In: Finance
Special Note: The teacher wants the question to be explain step by step, not worked out.
Given is a historical time series for job services demand in the prior 6 months. Month Demand 1 11 2 13 3 14 4 12 5 13 6 14 a) In your own words, explain (do not show how to solve) how to compute MSE based on the 3 months moving average method b) In your own words, explain (do not show how to solve) how to compute MAD based on the 3 months moving average method c) In your own words, explain (do not show how to solve) how to compute MAD based on the Exponential smoothing α = 0.2 method The teacher wants question to be explain step by step not worked out.
(a)
MSE is the Mean Squared error
First we need to find the forecasted values. Since we are using 3 months moving average, we will find the forecasted values for months 4, 5 and 6. The 3 months moving average is the average of last 3 months services demand i.e. Ft = (At-1 + At-2 + At-3)/3
Now we need to find the squared error for these 3 months. The squared error is the square of the difference between the actual value and the forecasted vale. Find this for months 4, 5, 6.
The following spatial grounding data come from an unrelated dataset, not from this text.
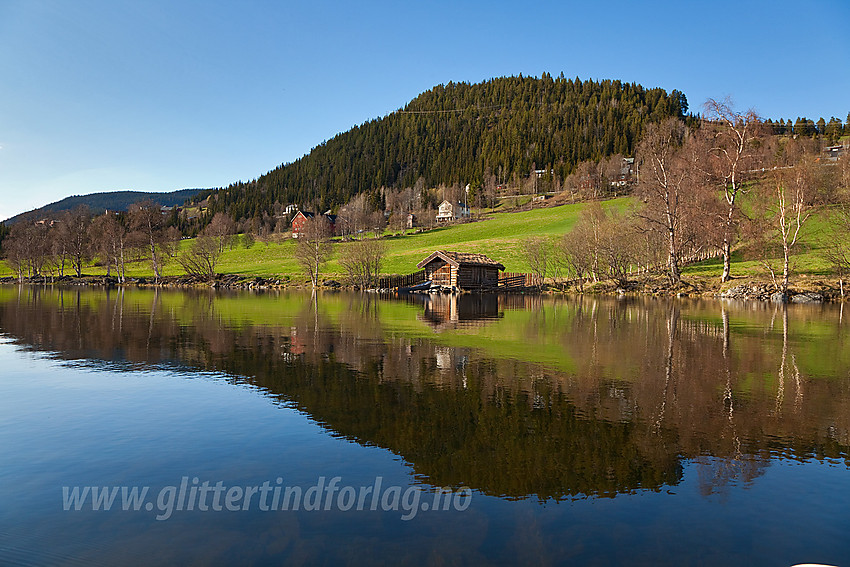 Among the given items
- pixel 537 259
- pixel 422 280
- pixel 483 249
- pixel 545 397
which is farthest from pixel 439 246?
pixel 545 397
Once we find the squared errors, we find the average of the squared errors for months 4, 5, and 6. This average value is the MSE
(b)
MAD is the Mean Absolute error
First we need to find the forecasted values. Since we are using 3 months moving average, we will find the forecasted values for months 4, 5 and 6. The 3 months moving average is the average of last 3 months services demand i.e. Ft = (At-1 + At-2 + At-3)/3
Now we need to find the absolute error for these 3 months. The absolute error is the absolute difference between the actual value and the forecasted vale. Find this for months 4, 5, 6.
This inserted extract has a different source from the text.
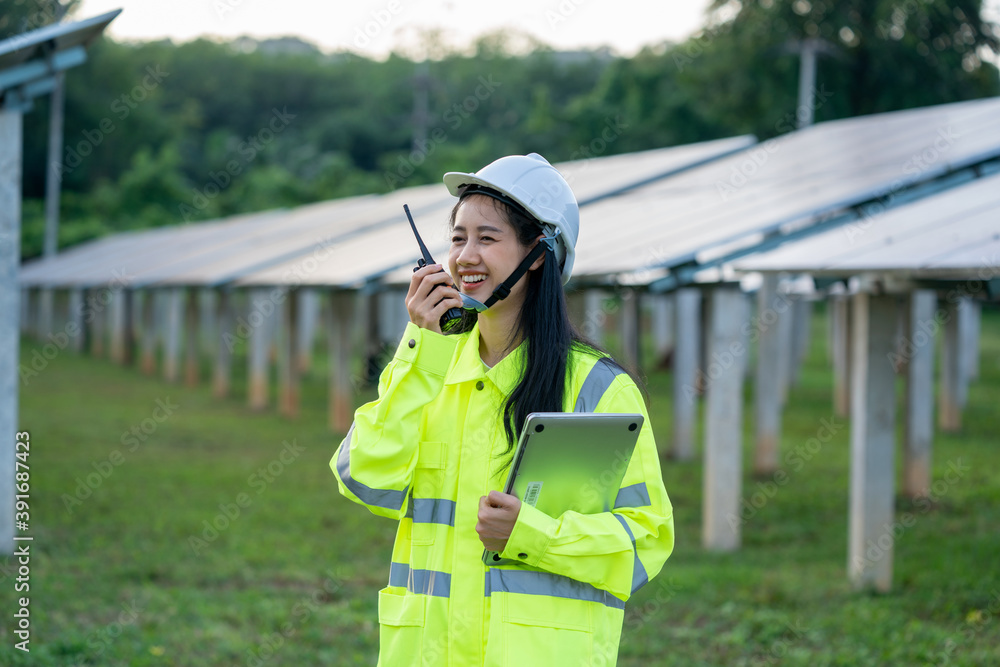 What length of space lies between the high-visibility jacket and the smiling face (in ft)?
0.45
Once we find the absolute errors, we find the average of the squared errors for months 4, 5, and 6. This average value is the MAD
(c)
We need to first find the exponential smoothened forecast using the exponential smoothening coefficient. For period 1 we assume that the forecast is same as the actual value.
Exponential forecast values for other months is calculated as sum of forecast for previous month plus the smoothened difference between the actual value in last month and forecast in last month i.e. Ft = Ft-1 + α(At-1 + Ft-1)
Now we need to find the absolute error for months 1 to 6. The absolute error is the absolute difference between the actual value and the forecasted vale. Find this for months 1, 2, 3, 4, 5, 6.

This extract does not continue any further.